**Records for the task:**
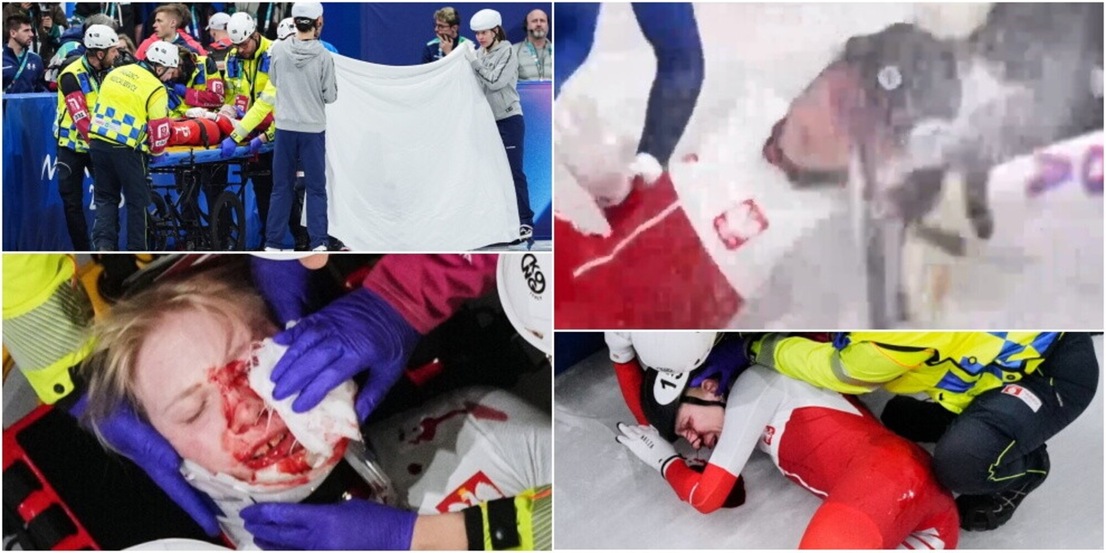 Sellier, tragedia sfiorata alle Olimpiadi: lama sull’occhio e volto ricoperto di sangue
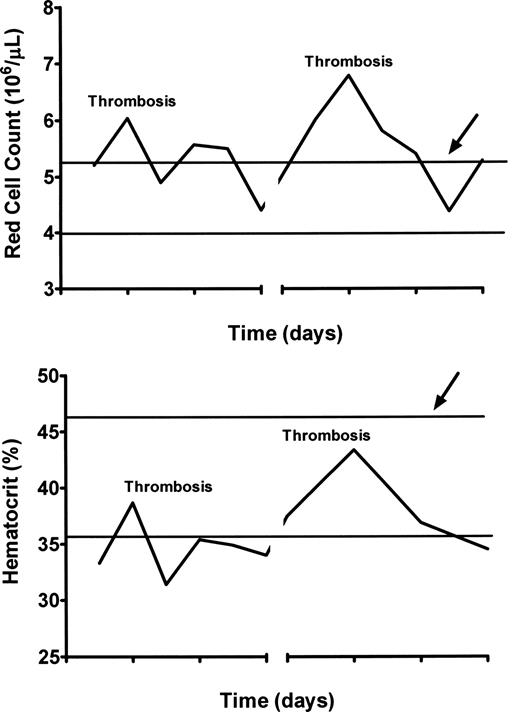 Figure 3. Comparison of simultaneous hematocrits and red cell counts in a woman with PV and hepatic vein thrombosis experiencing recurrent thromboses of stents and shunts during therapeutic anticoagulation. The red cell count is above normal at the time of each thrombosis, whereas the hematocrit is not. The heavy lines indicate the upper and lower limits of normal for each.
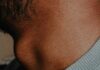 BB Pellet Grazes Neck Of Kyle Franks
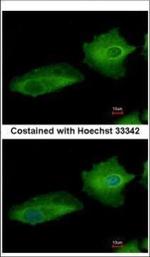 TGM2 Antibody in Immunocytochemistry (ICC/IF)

==

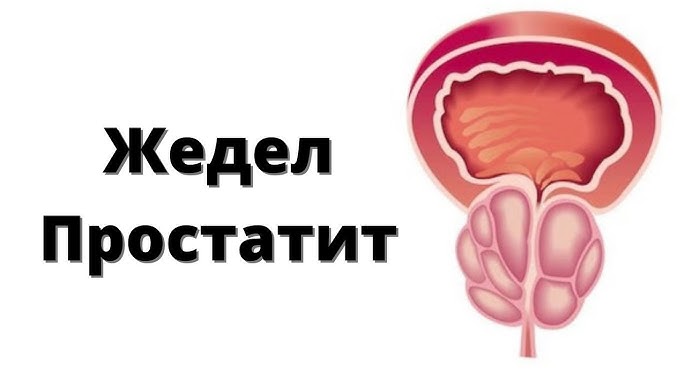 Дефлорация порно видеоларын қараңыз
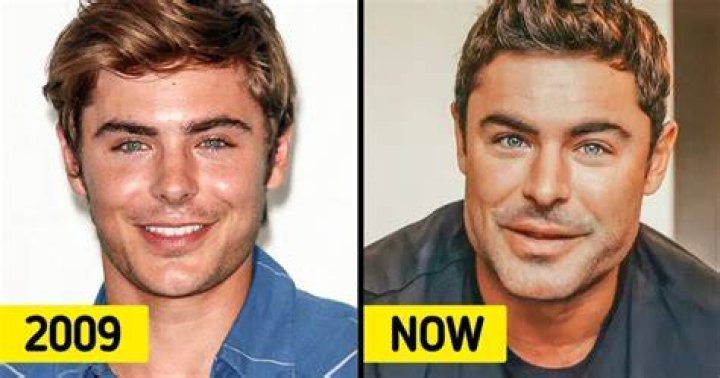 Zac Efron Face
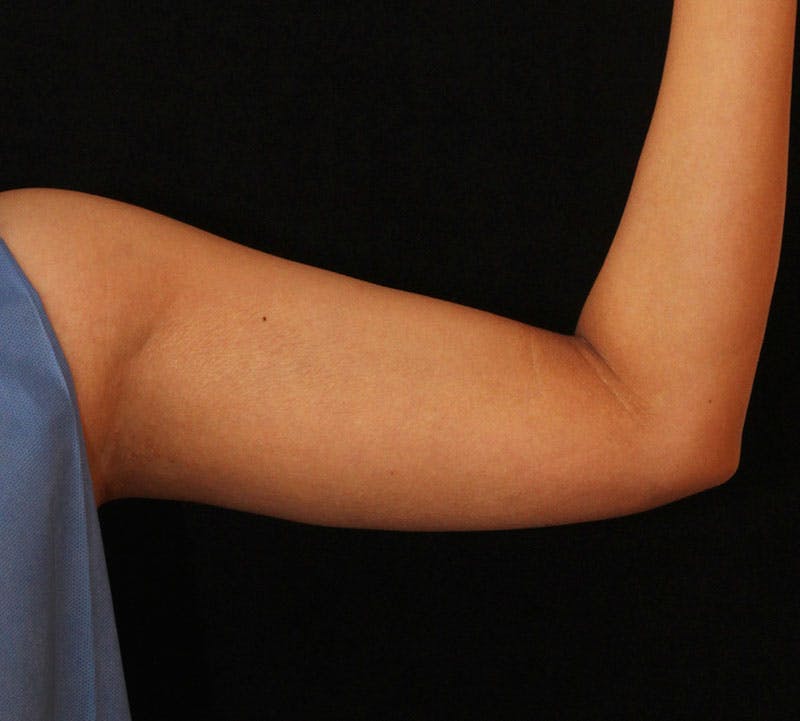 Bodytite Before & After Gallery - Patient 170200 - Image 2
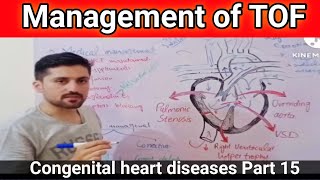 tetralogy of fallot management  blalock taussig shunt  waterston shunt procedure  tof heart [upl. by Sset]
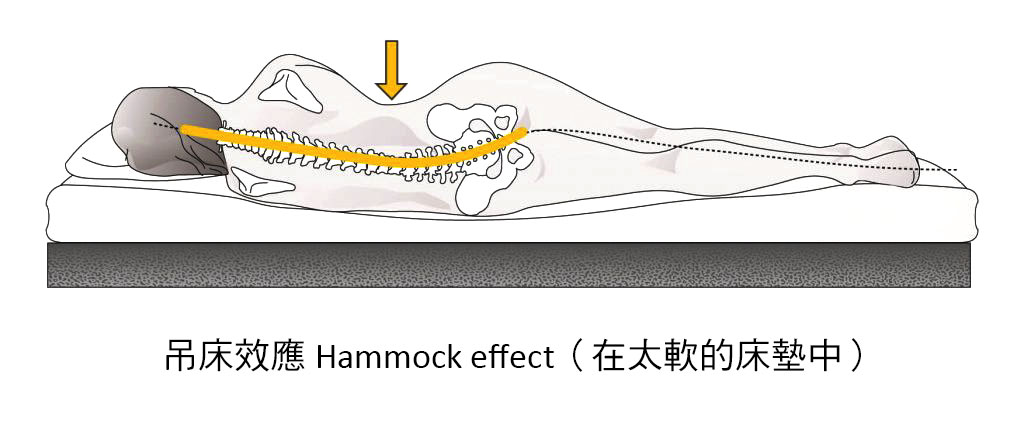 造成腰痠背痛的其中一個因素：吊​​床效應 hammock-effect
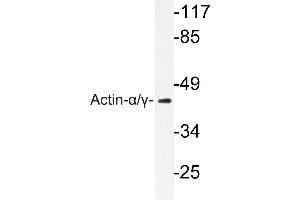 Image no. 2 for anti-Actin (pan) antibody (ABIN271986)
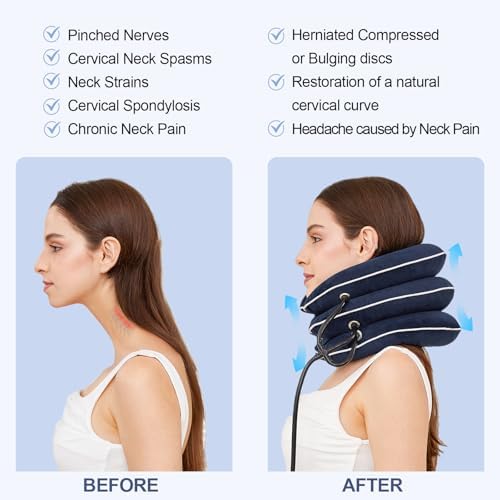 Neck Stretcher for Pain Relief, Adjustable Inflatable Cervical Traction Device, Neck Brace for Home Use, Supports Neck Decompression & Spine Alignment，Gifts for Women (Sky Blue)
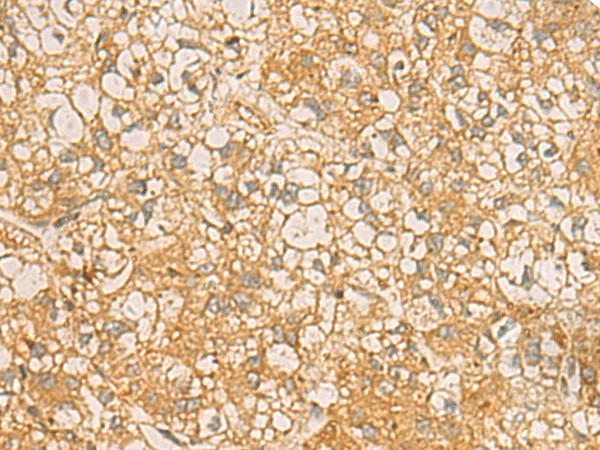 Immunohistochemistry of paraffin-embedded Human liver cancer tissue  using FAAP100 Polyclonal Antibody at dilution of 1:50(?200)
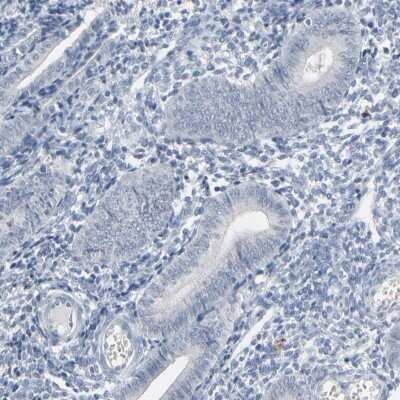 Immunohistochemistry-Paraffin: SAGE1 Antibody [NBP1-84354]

...

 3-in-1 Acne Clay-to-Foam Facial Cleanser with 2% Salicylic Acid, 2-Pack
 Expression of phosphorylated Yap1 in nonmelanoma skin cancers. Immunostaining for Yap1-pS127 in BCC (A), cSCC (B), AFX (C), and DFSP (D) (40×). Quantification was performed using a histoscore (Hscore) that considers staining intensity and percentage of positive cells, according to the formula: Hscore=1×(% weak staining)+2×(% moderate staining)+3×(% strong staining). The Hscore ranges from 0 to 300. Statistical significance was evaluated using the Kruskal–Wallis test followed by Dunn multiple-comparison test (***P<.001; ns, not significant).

**Task item:** Taking the records above, print only and exactly the lines from the line with "Sellier, tragedia sfiorata" to the line with "TGM2 Antibody in", both kept, and exclude pictures.

**Task solution:**
 Sellier, tragedia sfiorata alle Olimpiadi: lama sull’occhio e volto ricoperto di sangue
 Figure 3. Comparison of simultaneous hematocrits and red cell counts in a woman with PV and hepatic vein thrombosis experiencing recurrent thromboses of stents and shunts during therapeutic anticoagulation. The red cell count is above normal at the time of each thrombosis, whereas the hematocrit is not. The heavy lines indicate the upper and lower limits of normal for each.
 BB Pellet Grazes Neck Of Kyle Franks
 TGM2 Antibody in Immunocytochemistry (ICC/IF)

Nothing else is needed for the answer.